We may be approaching peak beef

If you want a picture of the future, imagine a human face biting into a burger — forever.
That’s certainly a popular view of the way the human diet is headed. As the world’s population grows and incomes rise, we’ll inevitably eat far more beef — the meat that’s considered the most expensive and prestigious in a remarkably wide range of cultures.
That’s a worrying prospect for the planet. Grazing and providing animal feed for cattle already accounts for about 60% of the world’s agricultural land despite the fact that beef provides just 2% of calories. Domesticated cows and buffalo produce about 5 billion tons of carbon-equivalent emissions each year, the same as roughly one-seventh of all fossil-fuel emissions. Western countries need to reduce beef consumption by about 90% to avert disastrous climate change, according to a report last year.
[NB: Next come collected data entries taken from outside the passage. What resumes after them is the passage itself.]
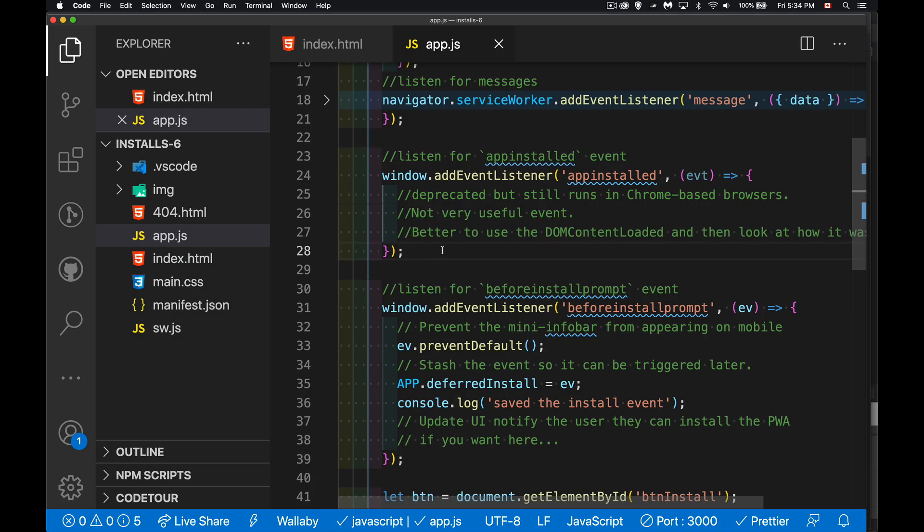If you want a copy of this code, there's a link to it down in the description. If you have any questions about this, feel free to leave them in the comments. I'll answer as many as I have time for. And as always, thanks for watching.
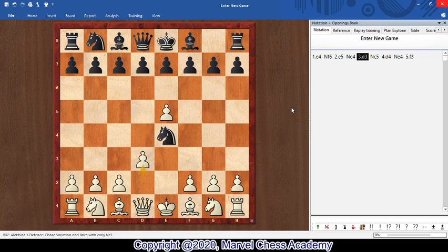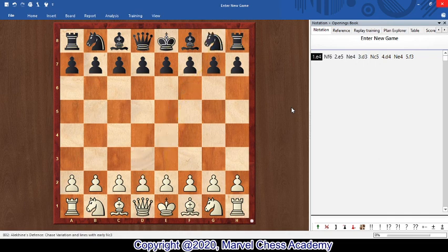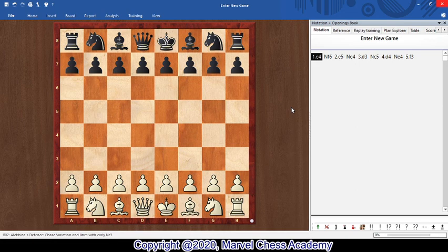So, to recap: do not move your pieces more than once. Try to move your pieces towards the center of the board. Try to develop your pieces as quickly as possible without losing time or tempos. Now let us go to the next principle: do not bring out your queen early.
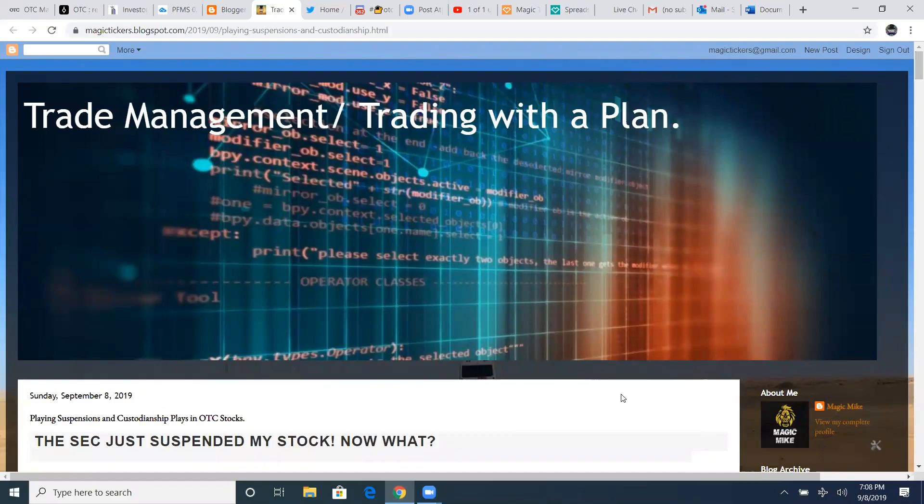All right, guys. Welcome back to this episode. In this lesson, we're going to be discussing stock suspensions and custodianships.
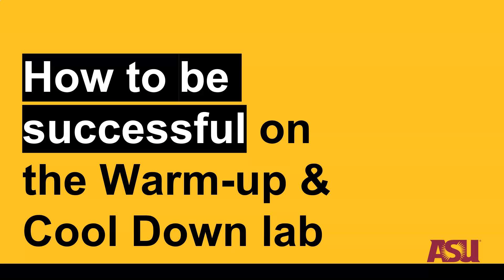In this video, I'm going to review an example of less than stellar student work on the warm-up and cool-down lab to help you be more successful on your attempt.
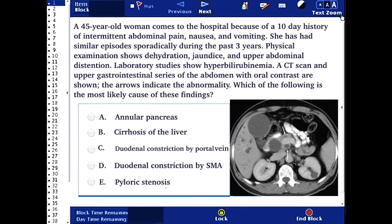The answer choices are: A. Annular pancreas. B. Cirrhosis of the liver. C. Duodenal constriction by portal vein. D. Duodenal constriction by superior mesenteric artery.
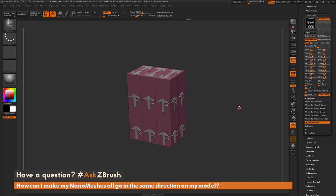So if you have any other additional questions related to ZBrush pipelines or processes, please use the hashtag AskZBrush on Twitter. Happy ZBrushing!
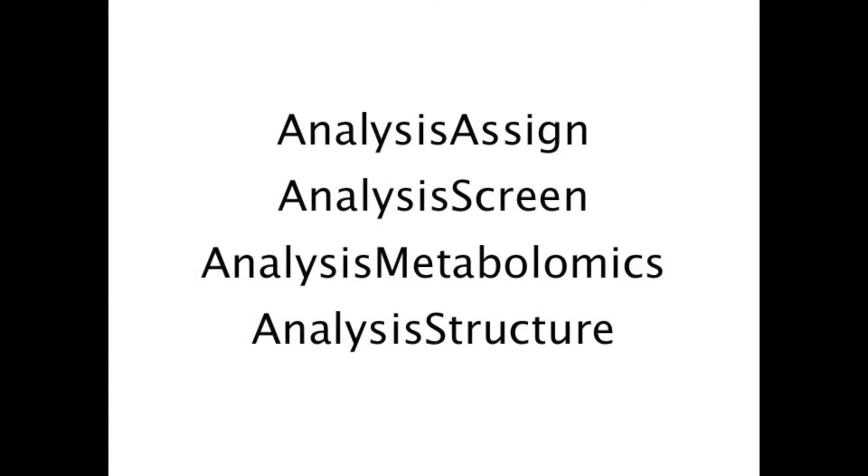These features are all part of our AnalysisAssign module, which forms the basis of our program. Built on top of this are modules for screening and metabolomics. An AnalysisStructure module is currently in the development phase.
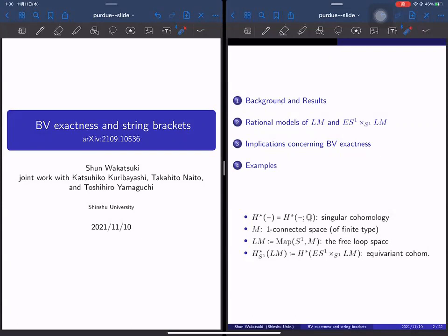We are very happy to have Shun Wakatsuki from Shinshu University telling us about BV exactness and string brackets. Please go ahead, Shun.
The good news is that cutting back this craving isn’t nearly as improbable as many think. Indeed, there’s ample evidence around that we may soon be approaching peak beef.
While production is still creeping up, the pace of growth has slowed markedly in recent years. The compound annual growth rate over the past decade was just 0.11%, based on data from the United Nations Food and Agriculture Organisation.
Even in beef-loving America, appetites are changing. Thanks to decades of health warnings about red meat, chicken consumption overtook beef all the way back in the 1990s. While population of the US has grown about 40% since the 1980s, beef consumption is up just 15%.
The change is even more dramatic in other parts of the world. Beef production in Europe in 2017 was 26% below its peak level in 1991; in Russia, it had fallen 55% from a 1992 peak. Even the ranching cultures of the Americas appear to be losing their appetite for steak and chuck: Production in Canada and Argentina in 2017 had fallen 41% and 16% from peaks in the mid-2000s.
China, a country that once considered beef as exotic an ingredient as palm civet and water deer, has been the driver of that growth in recent decades. That process may already be all but played out, though. China’s per-capita beef consumption is already on a par with far richer Singapore and Taiwan, and is approaching the levels where Japan’s appetites topped out in the early 1990s; among affluent East Asian countries, only South Korea is still showing a rising trend of beef consumption.
China’s domestic beef industry appears to have long since hit capacity limits, with the inventory of cattle stable at around 100 million head to 108 million head for a decade. But a major shift to imports could be a challenge, given that outside of the wealthiest cities most beef is bought fresh from wet markets, rather than the frozen or chilled packaged meat that’s best-suited to international trade.
The world has had an almost unlimited appetite for beef in recent decades. It may soon be sated.